• _WHAT IS EXPECTED_: Would you reproduce every record exactly, leaving out the pictures?

= Beginning of Section =

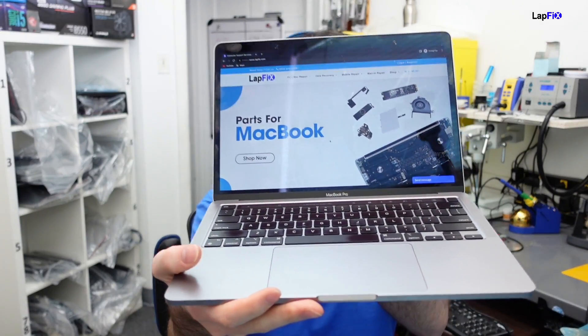Today we have an M1 MacBook Pro here. We actually did a liquid spill repair on it a few months ago and the customer came back saying they're having a problem with the USB-C ports. They use this with multiple monitors and are having a problem displaying output from USB-C to HDMI. So we want to make sure all the hardware is good.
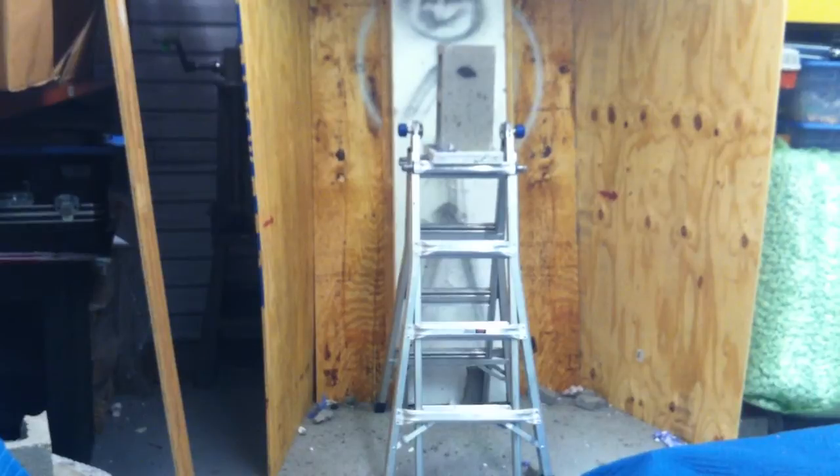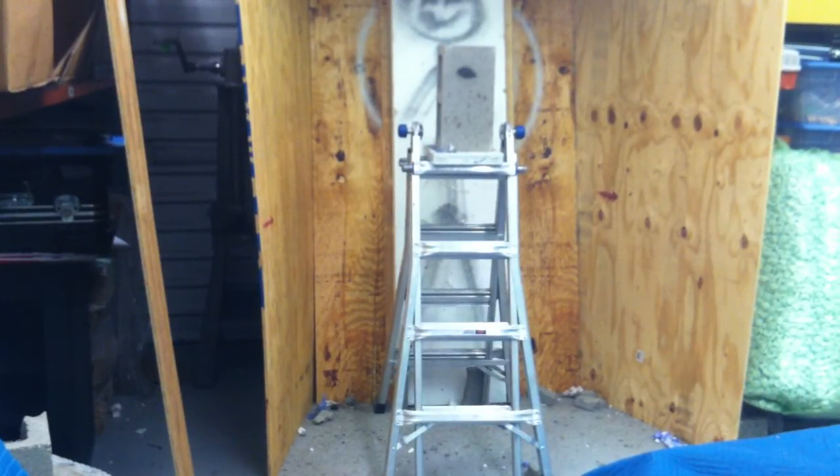First off, we're going to put on some safety gear. Get the shotgun ready. And in three, two, one.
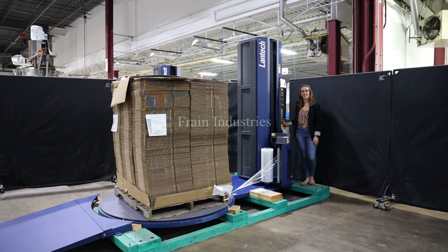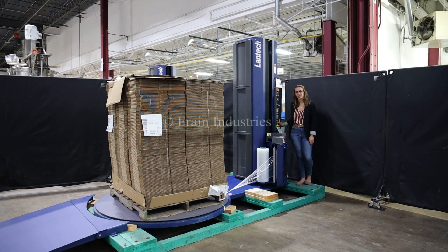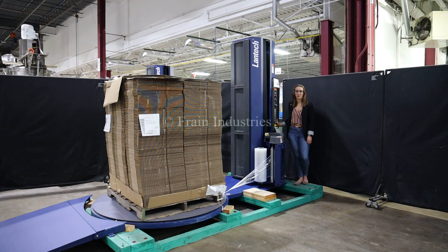Hi, I'm Elena with the Frank Group. Today I'll be cycling your Lantech Q300 semi-automatic stretch wrapper. This machine is currently set to single phase, 120 volts. We recommend reading the manual in its entirety before powering on the machine.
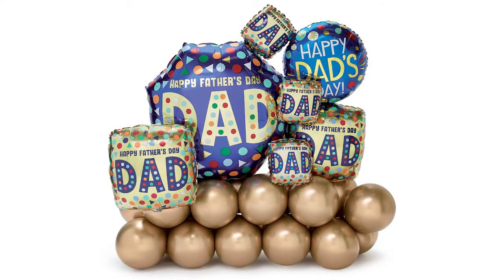Hey everybody, I'm Edward Munoz and I'm here in Burton Burton. Today I want to show you how you can do a fun, easy, and sellable marquee for Father's Day. Are you ready? I'm ready!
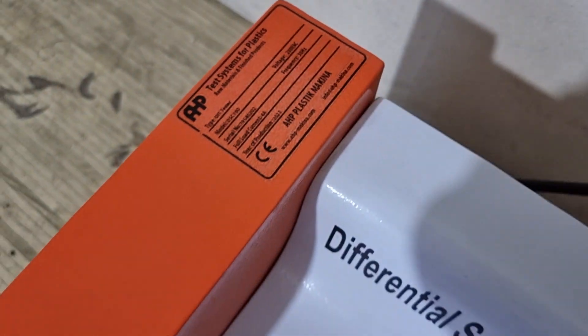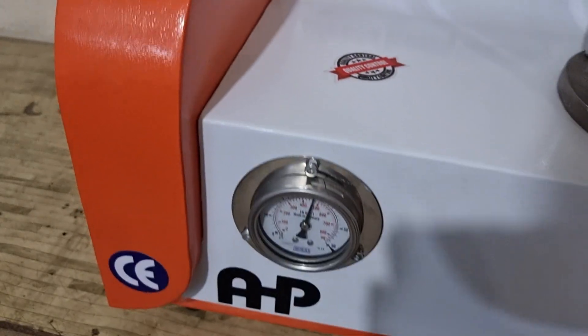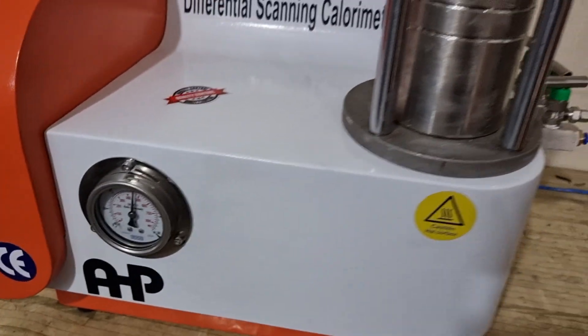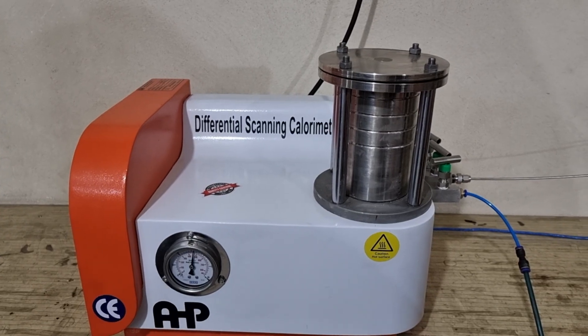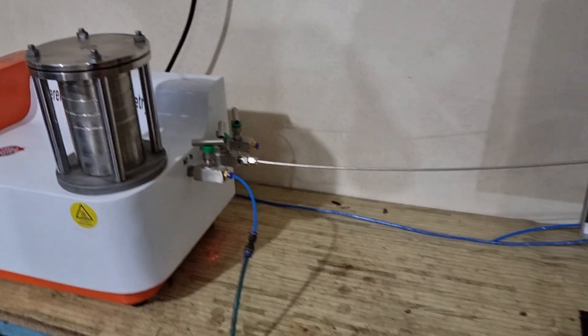This is the high pressure OIT tester from AHP Plastic Makina, now on the test. You can see the oxygen pressure is about 34 bar. It is mainly used for testing polyethylene products such as geomembranes and geotextiles.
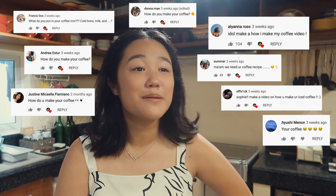Hey guys, I'm back! A lot of people have been asking me how I make my coffee. At first I thought it was weird because I mean it's pretty straightforward. But still, a lot of people have been asking, so I guess I'm gonna film myself making coffee.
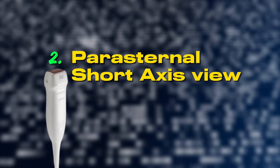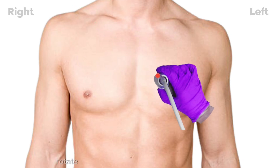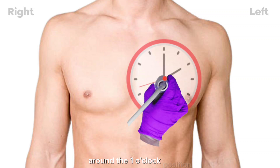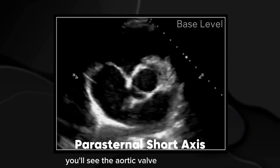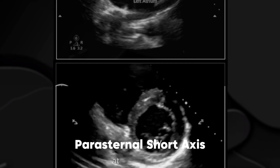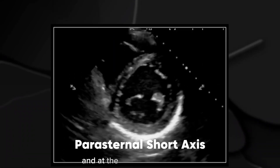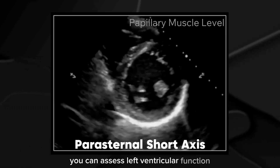Parasternal short axis view — the cross section. From the long axis view, rotate the probe 90 degrees counter-clockwise so the marker now points towards the left shoulder, around the 1 o'clock position. In this view, you can visualize different cross sections of the heart depending on how you tilt the probe. At the base, you'll see the aortic valve with its three cusps. At the mid-level, you'll capture the mitral valve opening and closing. And at the papillary muscle level, you can assess left ventricular function and wall motion.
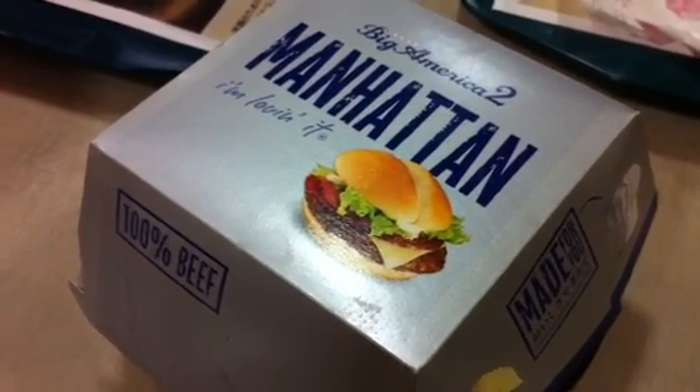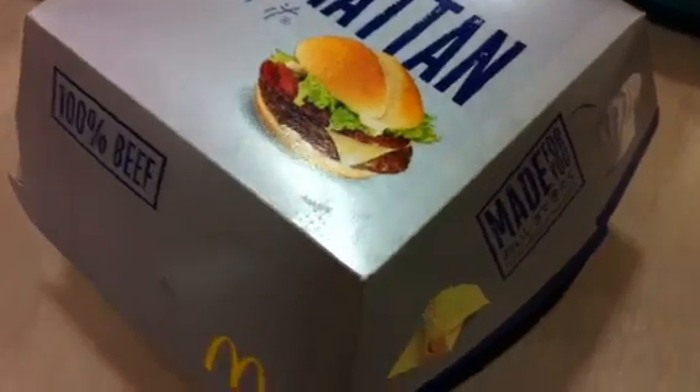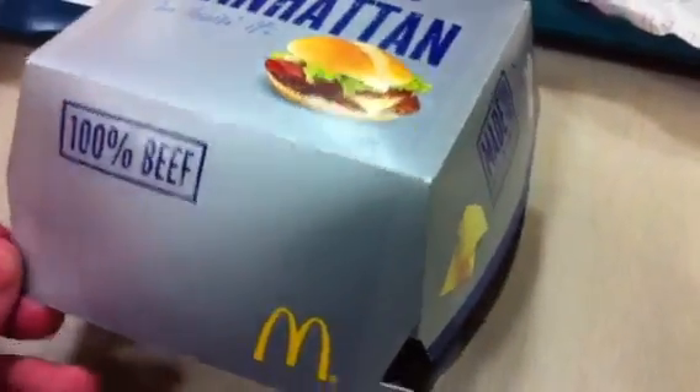So, this is the Big American 2 Manhattan Burger. Let's see what we got. Exciting stuff. Let's see what's inside the box. Holy crap, it's a burger.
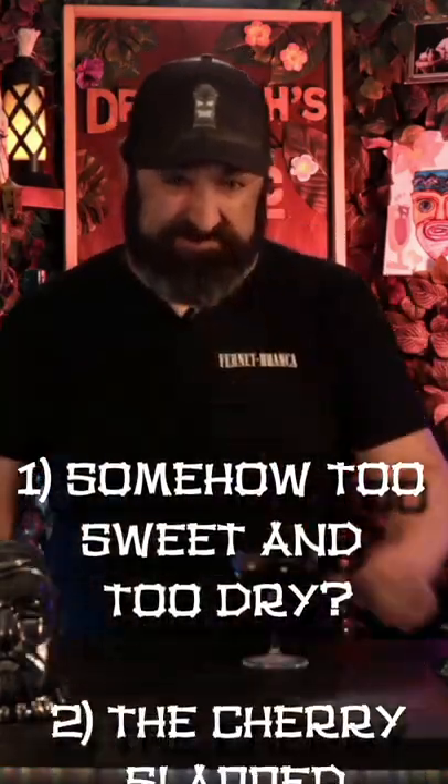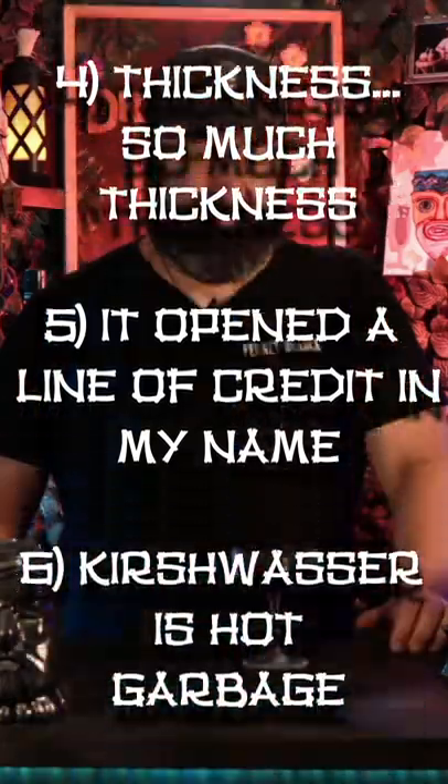Here we go. Here's a variety of problems with this cocktail. It's still in there.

= End of Section =

• _REPLY_:
Today we have an M1 MacBook Pro here. We actually did a liquid spill repair on it a few months ago and the customer came back saying they're having a problem with the USB-C ports. They use this with multiple monitors and are having a problem displaying output from USB-C to HDMI. So we want to make sure all the hardware is good.
First off, we're going to put on some safety gear. Get the shotgun ready. And in three, two, one.
Hi, I'm Elena with the Frank Group. Today I'll be cycling your Lantech Q300 semi-automatic stretch wrapper. This machine is currently set to single phase, 120 volts. We recommend reading the manual in its entirety before powering on the machine.
Hey everybody, I'm Edward Munoz and I'm here in Burton Burton. Today I want to show you how you can do a fun, easy, and sellable marquee for Father's Day. Are you ready? I'm ready!
This is the high pressure OIT tester from AHP Plastic Makina, now on the test. You can see the oxygen pressure is about 34 bar. It is mainly used for testing polyethylene products such as geomembranes and geotextiles.
Hey guys, I'm back! A lot of people have been asking me how I make my coffee. At first I thought it was weird because I mean it's pretty straightforward. But still, a lot of people have been asking, so I guess I'm gonna film myself making coffee.
Parasternal short axis view — the cross section. From the long axis view, rotate the probe 90 degrees counter-clockwise so the marker now points towards the left shoulder, around the 1 o'clock position. In this view, you can visualize different cross sections of the heart depending on how you tilt the probe. At the base, you'll see the aortic valve with its three cusps. At the mid-level, you'll capture the mitral valve opening and closing. And at the papillary muscle level, you can assess left ventricular function and wall motion.
So, this is the Big American 2 Manhattan Burger. Let's see what we got. Exciting stuff. Let's see what's inside the box. Holy crap, it's a burger.
Here we go. Here's a variety of problems with this cocktail. It's still in there.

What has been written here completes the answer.